Le final est tout aussi déconcertant, rattachant in extremis le poème à un lyrisme empêché et funèbre : nous apprenons que « l'humeur farouche » de ce sphinx « chante » mais seulement « aux rayons du soleil qui se couche », dans une inversion par rapport à la légende. Il pourrait s'agir là de la victoire ultime, mais subvertie, de la poésie et du chant sur la pétrification. Mais bien davantage, il s'agit d'une image d'une richesse polysémique qui rappelle de bien des façons le début du poème : phonétiquement et graphiquement d'abord, puisque « spleen » et « sphinx » entretiennent une certaine ressemblance (même nombre de lettres, même procédé d'emprunt à une langue étrangère, phonèmes voisins …) Sémantiquement ensuite, puisque ce sont des termes hautement polysémiques, que ce soit à l'échelle du recueil (comme nous l'avons dit) pour « spleen », ou à l'échelle de la tradition littéraire pour « sphinx ». En effet, ce dernier terme peut associer une référence au sphinx égyptien (interprétation favorisée par la référence au Sahara et à la pyramide) à une autre référence, celle du sphinx thébain, monstre lié aux origines, à la tragédie du fils, Œdipe, et aux énigmes. Troisième interprétation, la statue de Memnon, gardien des caveaux funéraires. Ici les polysémies se brouillent ou se contredisent, comme les souvenirs et les reliques. Mais quoi qu'il en soit elles sont toutes prises dans une indifférence interprétative véhiculée par les mentions « ignoré du monde insoucieux » et « oublié sur la carte ». Ces deux participes passés, et cet adjectif qui rappelle l' « incuriosité », semblent enclore le sphinx et toute activité qu'il aurait (gardien des morts, chanteur solaire, pourvoyeur d'énigme) dans une passivité qui est à la fois le résultat et l'agent du spleen.
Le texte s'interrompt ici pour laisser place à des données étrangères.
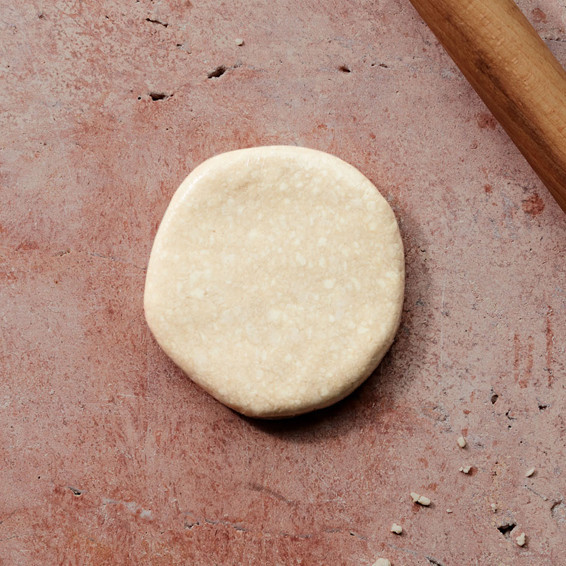 rolled out pie dough disk rolled out pie dough disk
Tout fonctionne donc, en cette fin de poème, comme si l'alchimie de la sénescence et de la mort l'avait emporté, ne laissant au poète qu'une voix désincarnée, peut être précisément moderne en cela qu'elle ne peut plus se réclamer des symboles anciens désormais privés de vigueur. A tout prendre, c'est plutôt du côté du nouveau symbole, ou de l'emblème qu'il faudrait chercher la puissance de cette poétique : elle crée en effet un symbole hybride d'une chose et d'un état d'être, rapprochées par cristallisation poétique : un spleen-sphinx.

Conclusion

Avec ce poème Baudelaire s'apprête donc à clore (sept poèmes encore) la première section de son recueil. Dans un mouvement inversé par rapport à son titre, « Spleen et Idéal », c'est le spleen qui l'emporte dans l'architecture des Fleurs du Mal. La voix poétique est affaiblie, distordue, grinçante et désordonnée. Elle rappelle ces vers de « La cloche fêlée » : « Moi, mon âme est fêlée ; et lorsqu'en ses ennuis / Elle veut de ses chants peupler l'air froid des nuits, / Il arrive souvent que sa voix affaiblie / Semble le râle épais d'un blessé qu'on oublie / Au bord d'un lac de sang, sous un grand tas de morts, / Et qui meurt sans bouger dans d'immenses efforts. »

Cette voix, à qui le chant, et le pronom « je », et donc par suite le lyrisme, sont presque interdits, cède la place à un mouvement de pétrification qui s'accommode mieux d'une poésie visuelle : celle de l'emblème qui fige, ultimement, une signification défaitiste, un sens à la fois perdu et rendu éternel. Y a-t-il là processus alchimique ? Sans doute, si l'on postule une alchimie inversée, celle qui est la grande affaire de Baudelaire : celle qui passe de l'idéal subtil à la matière brute, celle qui a conscience de la mort et de la souffrance, celle qui reconnaît au mal et à la trivialité leur réalité et qui, ainsi, trouve une justification nouvelle du côté de la modernité, nouvelle éternité.